Isso nos leva aos Beatles da comédia. Um título sensacionalista pra tentar explicar tudo o que eles inventaram. E eles inventaram tudo. É claro que estou escrevendo sobre o Monty Phyton, o maior grupo criador já reunido para um projeto na TV. Não estou exagerando. Eles justificam a invenção do eletrodoméstico. Se num dia de histeria da Carminha alguém tiver dúvida, lembre-se deles. E aqui fica uma dica que pode parecer sem importância, mas que faz toda a diferença: eu posso afirmar que, se você conhece Monty Phyton só pelos seus filmes, e muitos só os conhecem dos filmes, você não conhece nada sobre Monty Phyton. Foi na televisão que eles criaram tudo. Foi na televisão, entre 1968 e 1974, que eles montaram seu Flying Circus (“Circo Voador”). Michael Palin (meu preferido, todos levantem as mãos nos seus preferidos), Terry Jones, Eric Idle, Terry Gilliam, Graham Chapman (o único morto e, segundo os próprios, o melhor deles) e o fascinante John Cleese, que ainda achou fôlego criativo pra nos anos seguintes emplacar outra série, “The Fawlty Towers“, eleita pelos críticos a melhor série inglesa de todos os tempos. Pythonesque virou adjetivo. Eles são responsáveis por metade da justa fama que os ingleses têm de fazer o melhor humor do mundo. São amigos de Oxford e Cambridge que resolveram se dedicar a mudar o mundo com seu humor e não com uma rede social montada pra escolher o melhor seio da universidade. É certo que tinham suas importantes influências, Spike Milligan entre elas. Mas o que fizeram, e é claro que é impossível descrever em uma coluna suas inovações, é a base de tudo, acreditem, tudo o que parece ainda hoje original ou até revolucionário na TV, no cinema ou em qualquer outro lugar. Dos créditos e animação às críticas à BBC que os transmitia, do completo desprezo por punchlines à quebra completa das formas e linguagens até e desde então conhecidas, quando ouvimos o clássico anúncio “e agora para algo completamente diferente” viajamos para um mundo melhor de sonhos surreais, repletos de esquetes feitos por homens e homens crossdressing falando em falsete, cantando canções incríveis, nos provando o improvável, o impossível. Você fala spam por causa deles. No céu, sete asteroides carregam seus nomes. E, convenhamos, é melhor que falsas estrelas no chão.

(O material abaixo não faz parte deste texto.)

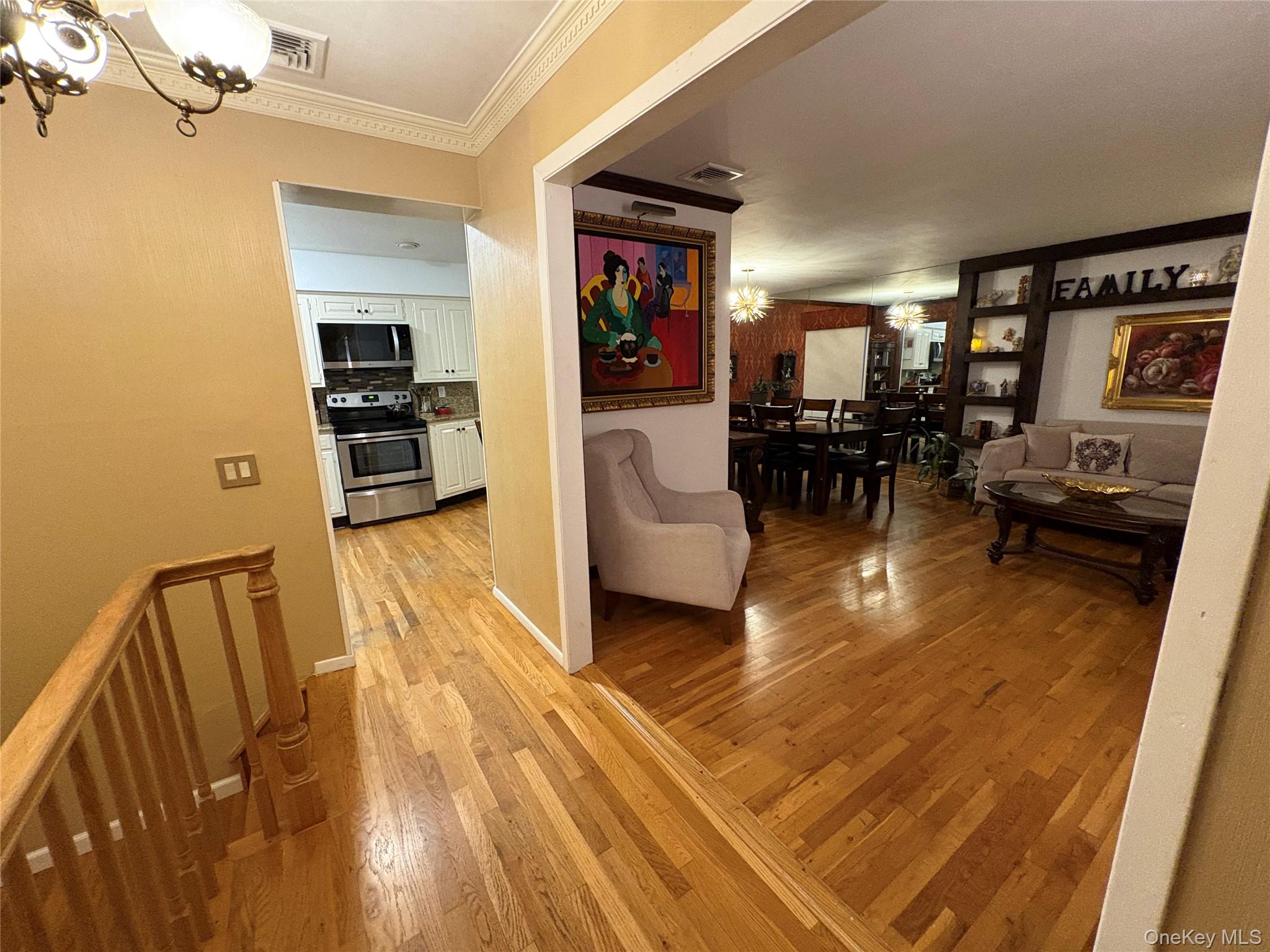 3362 Elliott Boulevard Property Photo 5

Eu tenho um amigo que vê e revê as temporadas do “Saturday night live” de 1975 a 1978. Lá estavam John Belushi (vestido de samurai com Frank Zappa, por exemplo), Dan Aykroyd no auge, Chevy Chase, Bill Murray juntos. Eu vejo e revejo “The Muppet Show” (os episódios com Steve Martin, Peter Sellers e Nureyev são imbatíveis). Tenho lá minhas fotos do lado do Manah Manah e do Cozinheiro Sueco na exposição dos trabalhos de Jim Henson. As comédias de Mike Leigh para a TV. As criações de Dennis Potter para a BBC: “The singing detective” (essa eu ganhei do Isay Weinfeld) e “Pennies from heaven”. “Arrested development” é incrível e foi eleita a melhor entre os americanos. “Simpsons” e “Family guy” me farão trocar o canal na hora da declaração de Putin sobre a sentença de dois anos de prisão para as garotas do Pussy Riot.